Anyhow, I finally have time for this game and will be updating this weekend. I will also post an updated list of the mods Im using, as they have changed.
Also I did play a little bit and I have noticed some improvements, havent played enough to notice many changes. Well, there was one big change but you will find out! :book2:
No, a single unit of onagers, which was still only 2 actual onagers could make maybe 1 hole into a big stone wall? That still meant sending everyone through one breach and the AI was quite good at putting stuff on the other side, so the battle was a massacre. Now, a single unit of ballistas (not onagers, I never tried onagers, I don't even wanna know what they do to a city, maybe the battle just defaults to a victory) can make a big enough hole into a wall for you to send your entire front through at once, which the AI has no idea how to deal with but they have no idea how to deal with sieges anyways.

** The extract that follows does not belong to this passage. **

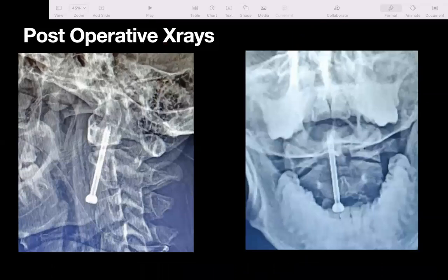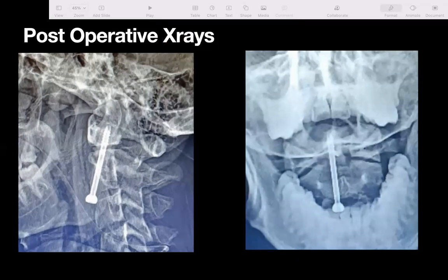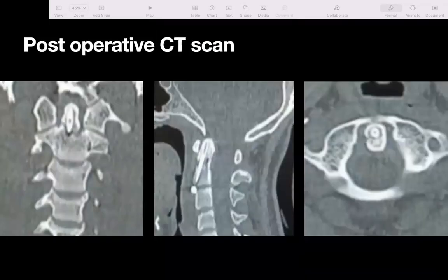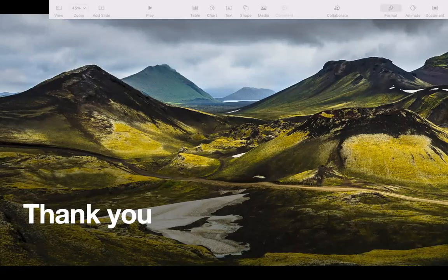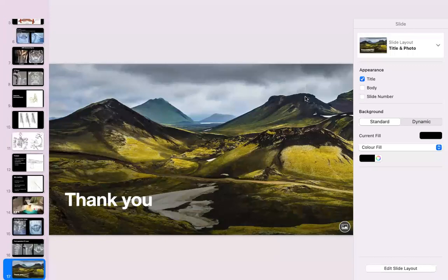On post-op X-rays, the odontoid looks anatomically reduced and the screw position looks quite acceptable. Thank you very much.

Like I said, it's all kind of silly cause siege battles are easier than most land battles.
Chapter Thirteen
Spoiler Alert, click show to read:
Spoiler Alert, click show to read:
Glad this is back on track!
Looking forward to the Medhlan...your screenies of Octuduron made me realize that despite two Rome campaigns, I don't think I've ever seen a Roman capital city during battle. One hardly ever has to defend one's own city against the AI, and when it does happen the battle is so laughably one-sided that I've almost always AR'd it. And other than Rome, there's no other Latin factions with a walled city. So interested to see what it looks like (although my Pontus is beginning to mull over the the idea of capturing Roman Brundisium...).
Yeah, Im really excited to continue this- at Medhlan there is a large and well equipped Roman army and Im eager/nervous to see if my armies can take on the Legions, since I heard that the Roman legionnaires are OP.